Excerpted records:

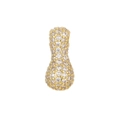 Detail of 18k gold pendant with micro-pave cubic zirconia in a bubble letter shape - Small Letter / Letter I Pendant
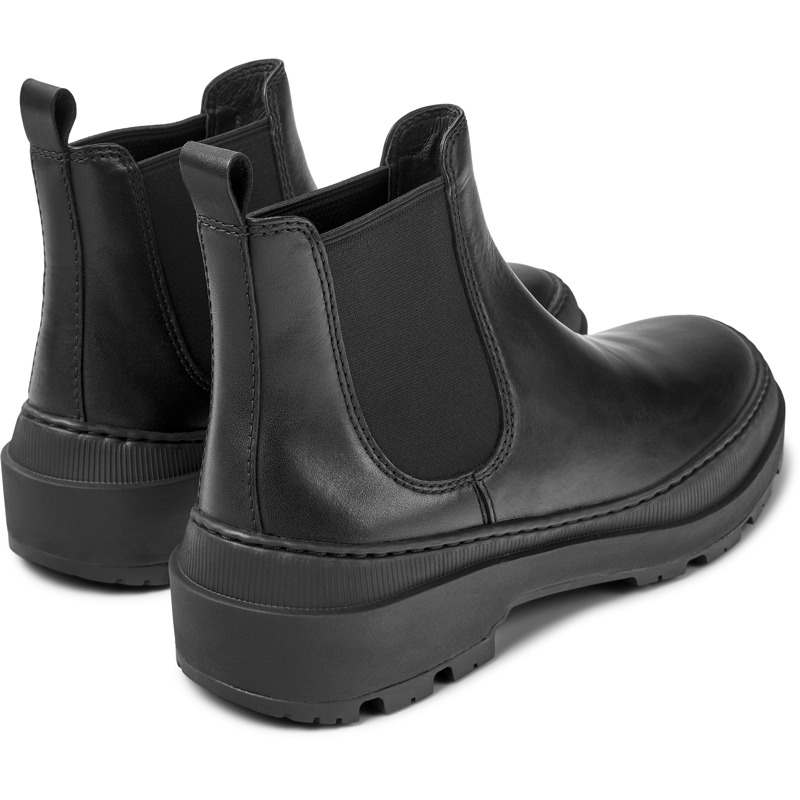 CAMPER Brutus Trek - Ankle Boots For Women - Black, Size 36, Smooth Leather
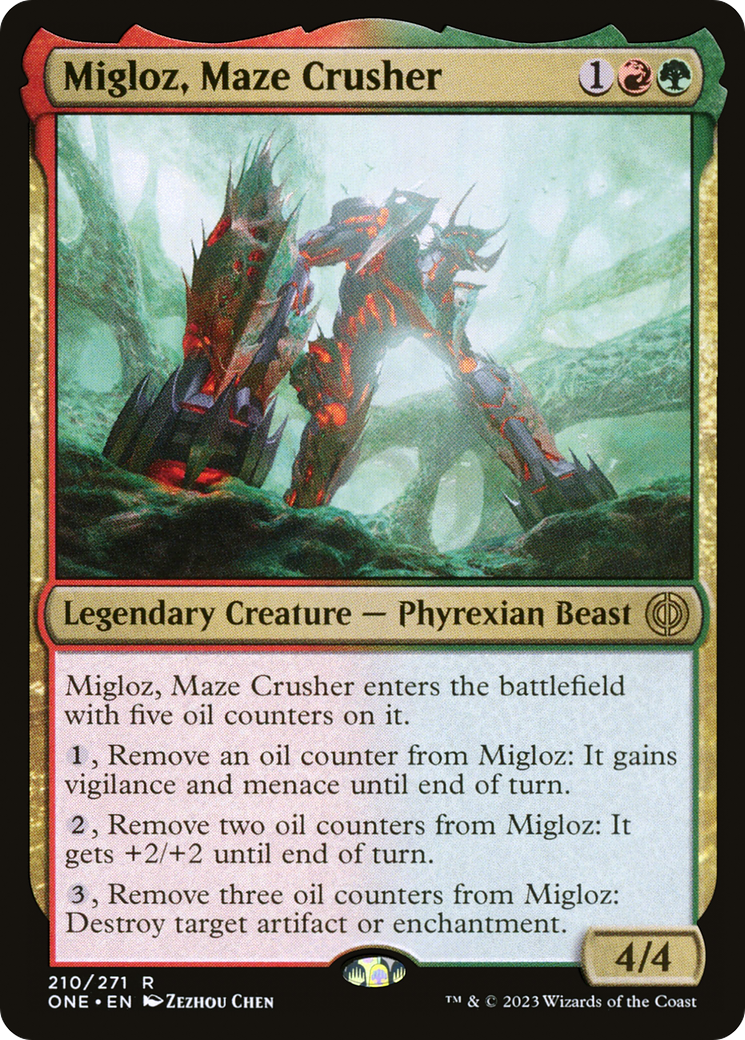 Migloz, Maze Crusher (210) [Phyrexia: All Will Be One] foil - Deck Out Gaming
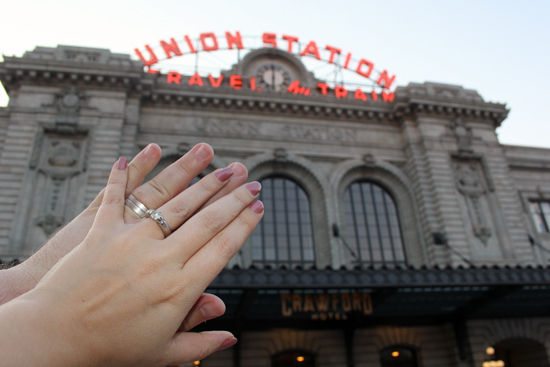 Wedding Ring Selfie Tradition Denver Union Station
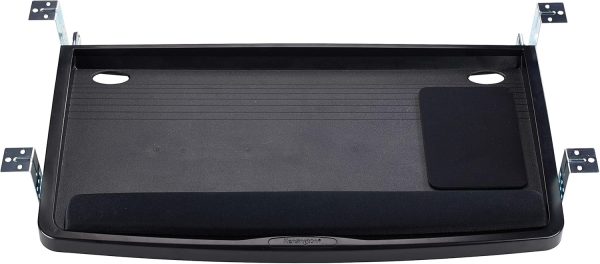 Keyboard Tray Under Desk, SmartFit Ergonomic Slide-Out Keyboard Drawer with Cable Management, Extra-Wide Height Adjustable Keyboard Holder, 24.5" x 11.75", Black K60004US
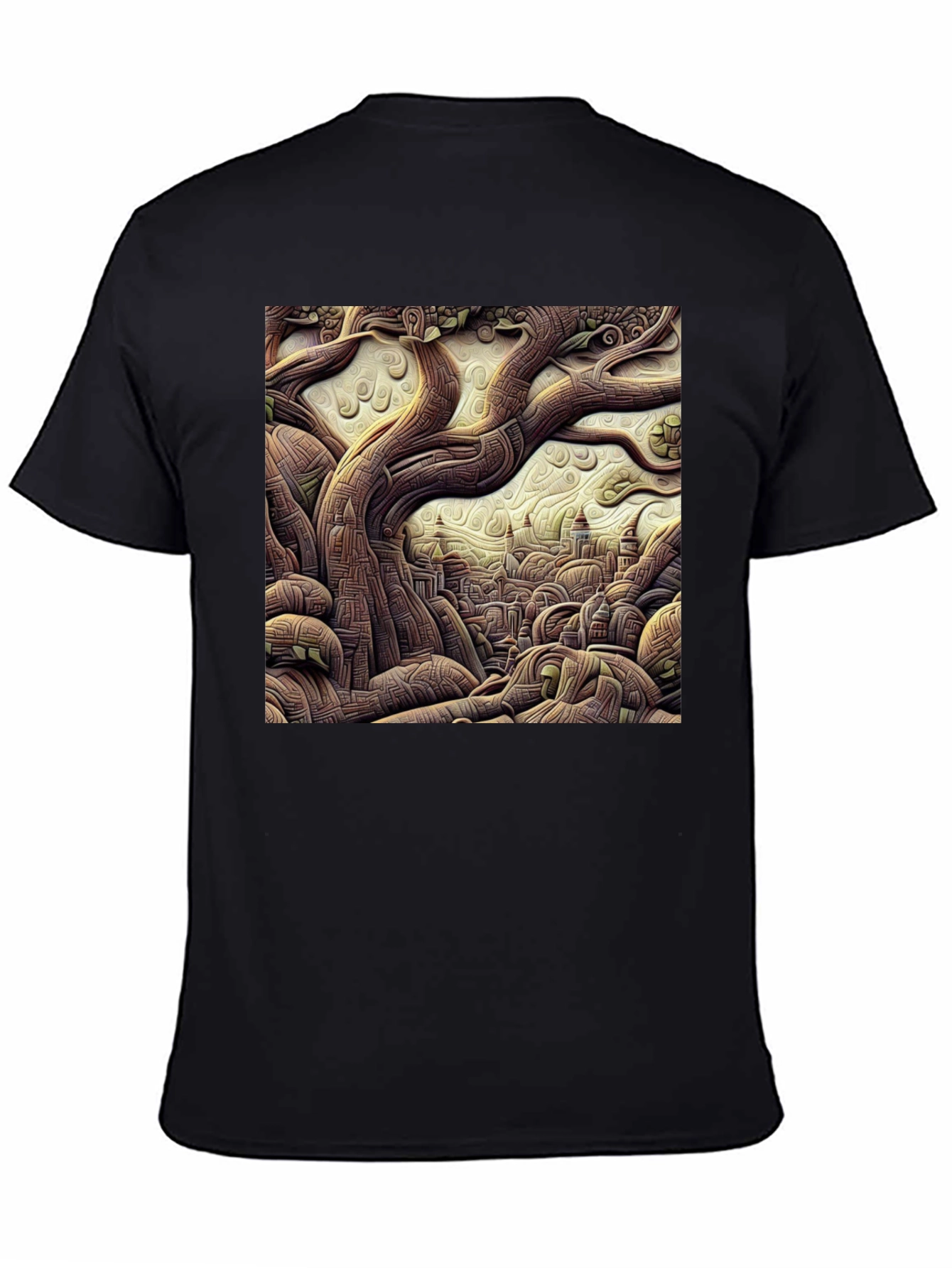 Artistic Tree of Life Black T-Shirt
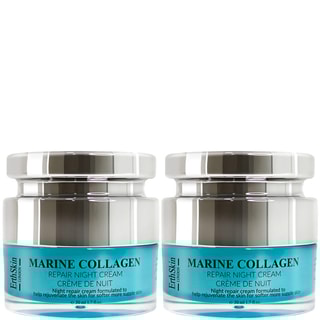 Crèmes de nuit - Collagène marin - Visage - 2 x 50 ml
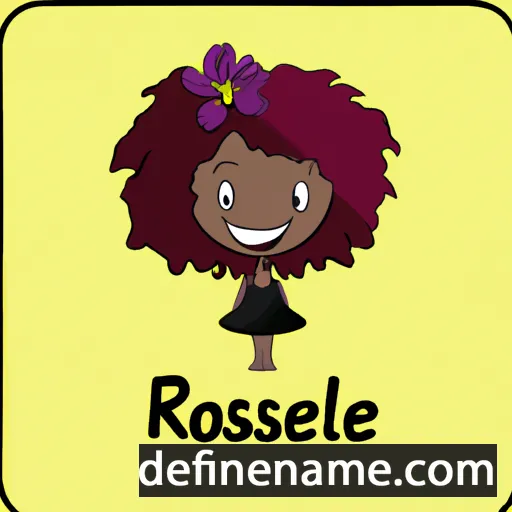 cartoon of the name Roselle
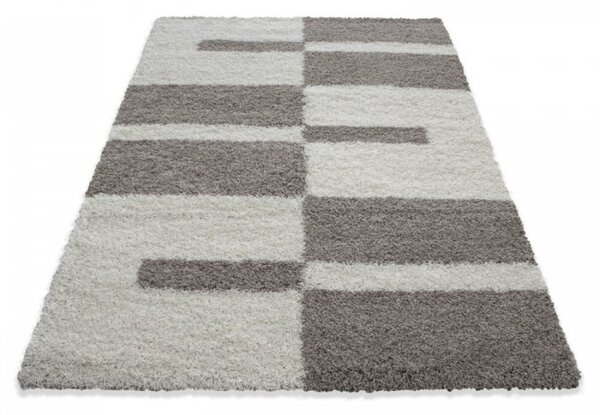Kusový koberec Gala shaggy 2505 beige Kruh 80 cm průměr Kruh 80 cm průměr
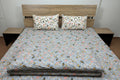 Honey Bee Garden Pure Premium Cotton Bedsheet Set - 3pcs King size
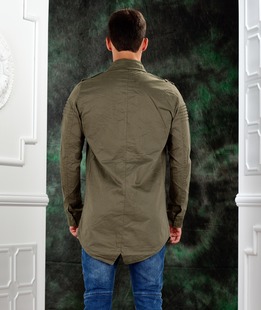 Мъжко дълго Сафари яке зелено-кафяво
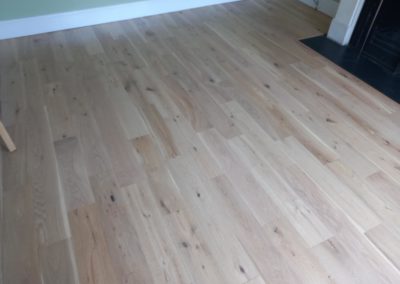 Oak wood floor sanding in Purley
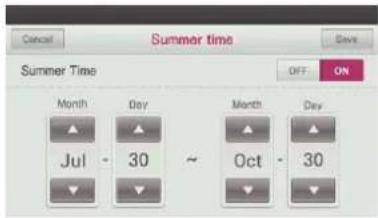 LG MULTI V PREMTA000A - Summer Time Setting - 4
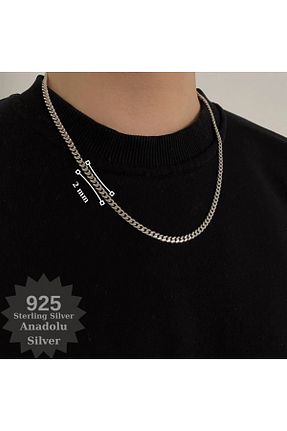 گردنبند نقره مردانه 925 عیار anadolusilver - کد 855344623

Work request: Every entry above has to be repeated exactly, apart from its pictures.

Worked solution:
 Detail of 18k gold pendant with micro-pave cubic zirconia in a bubble letter shape - Small Letter / Letter I Pendant
 CAMPER Brutus Trek - Ankle Boots For Women - Black, Size 36, Smooth Leather
 Migloz, Maze Crusher (210) [Phyrexia: All Will Be One] foil - Deck Out Gaming
 Wedding Ring Selfie Tradition Denver Union Station
 Keyboard Tray Under Desk, SmartFit Ergonomic Slide-Out Keyboard Drawer with Cable Management, Extra-Wide Height Adjustable Keyboard Holder, 24.5" x 11.75", Black K60004US
 Artistic Tree of Life Black T-Shirt
 Crèmes de nuit - Collagène marin - Visage - 2 x 50 ml
 cartoon of the name Roselle
Kusový koberec Gala shaggy 2505 beige Kruh 80 cm průměr Kruh 80 cm průměr
 Honey Bee Garden Pure Premium Cotton Bedsheet Set - 3pcs King size
 Мъжко дълго Сафари яке зелено-кафяво
 Oak wood floor sanding in Purley
 LG MULTI V PREMTA000A - Summer Time Setting - 4
 گردنبند نقره مردانه 925 عیار anadolusilver - کد 855344623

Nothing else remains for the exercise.